Samstag, 20. Januar 2024

Sämtliche Fehlurteile auf der Welt

Sämtliche Fehlurteile auf der Welt entstehen daraus, daß man uns Furcht vor dem Eingeständnis unsrer Unwissenheit beibringt und wir daher alles hinzunehmen gehalten sind, was wir nicht widerlegen können. Über jegliche Sache spricht man in einem dogmatischen Ton, der keinen Einspruch duldet. Der römische Gerichtsstil hingegen verlangte, daß selbst die Aussage eines Augenzeugen und das auf sicherster Erkenntnis beruhende Urteil eines Richters in die Redeform des „mir scheint“ zu fassen seien.

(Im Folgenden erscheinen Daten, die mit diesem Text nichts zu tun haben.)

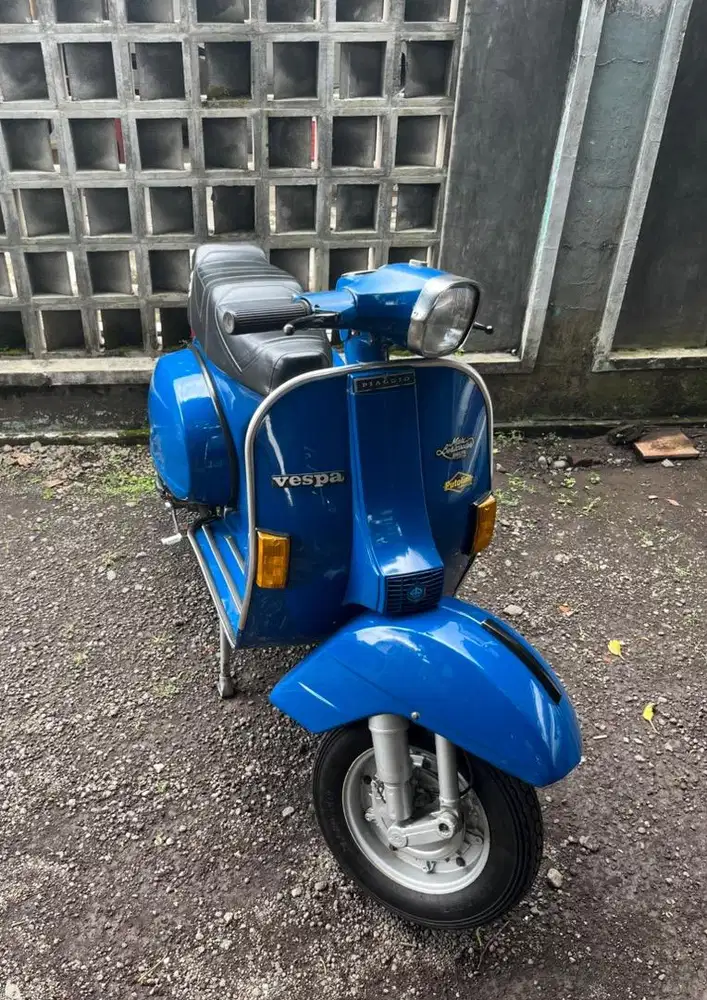 FORSALE PX150 1981!!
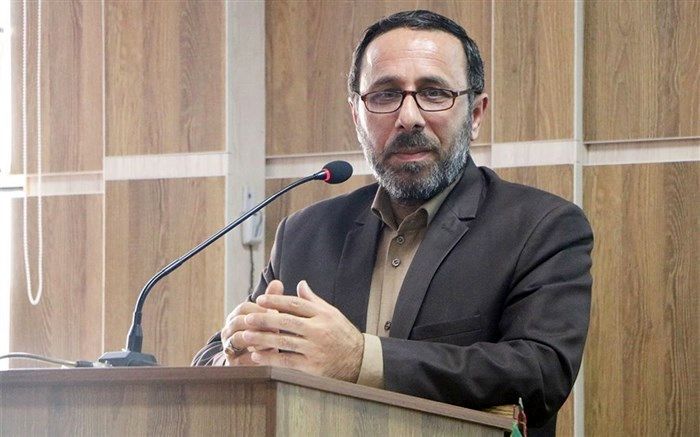 شاپور محمدزاده برنامه‌های جدید نهضت سوادآموزی را در ایام تعطیلی کرونا  اعلام کرد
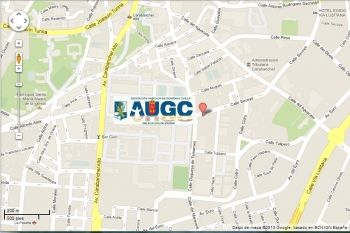 AUGC MADRID: Mas cerca de vosotros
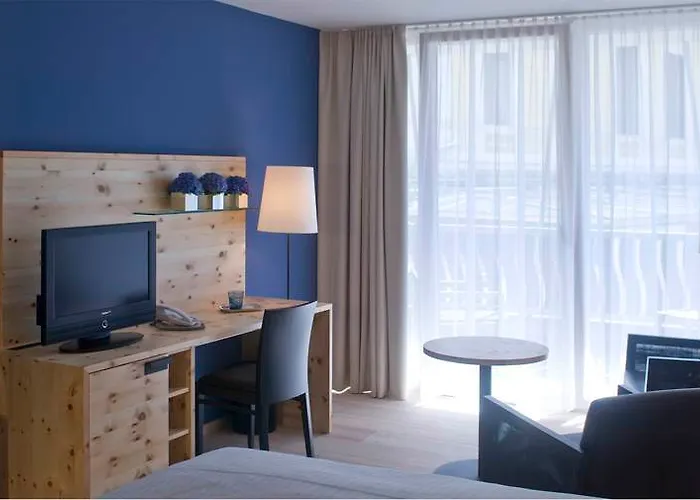 Hotel Seilern Vital Bad Ischl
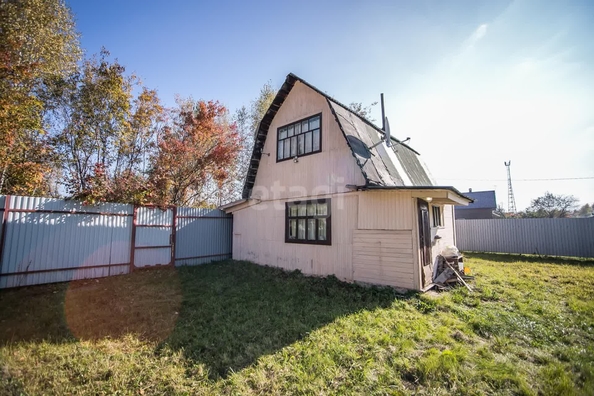 
  Продается дача 45 м². Фото 7.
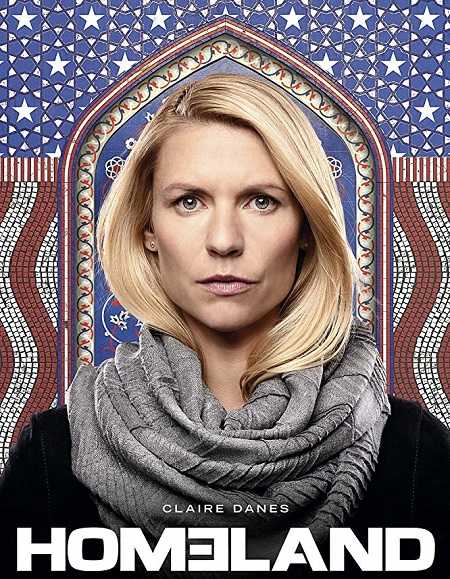 مسلسل Homeland الموسم الثامن الحلقة 6 مترجمة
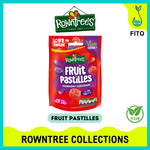 ROWNTREE’S CANDY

Ich sträube mich sogar gegen Wahrscheinliches, wenn man es mir als untrüglich hinstellt, Ich liebe vielmehr Ausdrücke, welche die Unbesonnenheit unsrer Behauptungen mildern und mäßigen, also: vielleicht und gewissermaßen, ein wenig und man sagt, ich denke und dergleichen.

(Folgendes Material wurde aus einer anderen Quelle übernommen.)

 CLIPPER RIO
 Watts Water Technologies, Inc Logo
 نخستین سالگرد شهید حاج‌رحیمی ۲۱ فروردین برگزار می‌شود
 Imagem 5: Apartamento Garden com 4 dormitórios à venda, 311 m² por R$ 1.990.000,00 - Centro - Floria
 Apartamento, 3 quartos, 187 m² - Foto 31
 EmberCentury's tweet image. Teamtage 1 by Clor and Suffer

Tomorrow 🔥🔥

Ich bin schwer von etwas Unwahrscheinlichem zu überzeugen und halte mich daher möglichst an das Handgreifliche und Wahrscheinliche. So entgehe ich diesen alten Vorwürfen: Die Menschen vertrauen am meisten dem, was sie nicht begreifen und der menschliche Geist hat den Hang, allem Dunklen zu glauben. Ich merke natürlich, daß man über meine Einstellung in Zorn gerät.

Wer seine Meinung in herausforderndem Befehlston durchsetzen will, zeigt damit nur, wie schwach sie begründet ist. Daß in einem reinen Wortstreit um das rechte Dogma jene Leute genausoviel Plausibles vorbringen mögen wie ihre Widersacher - sei's drum! Wenn man jedoch die praktischen Folgerungen bedenkt, die sie daraus ziehn, spricht alles für die Gegner.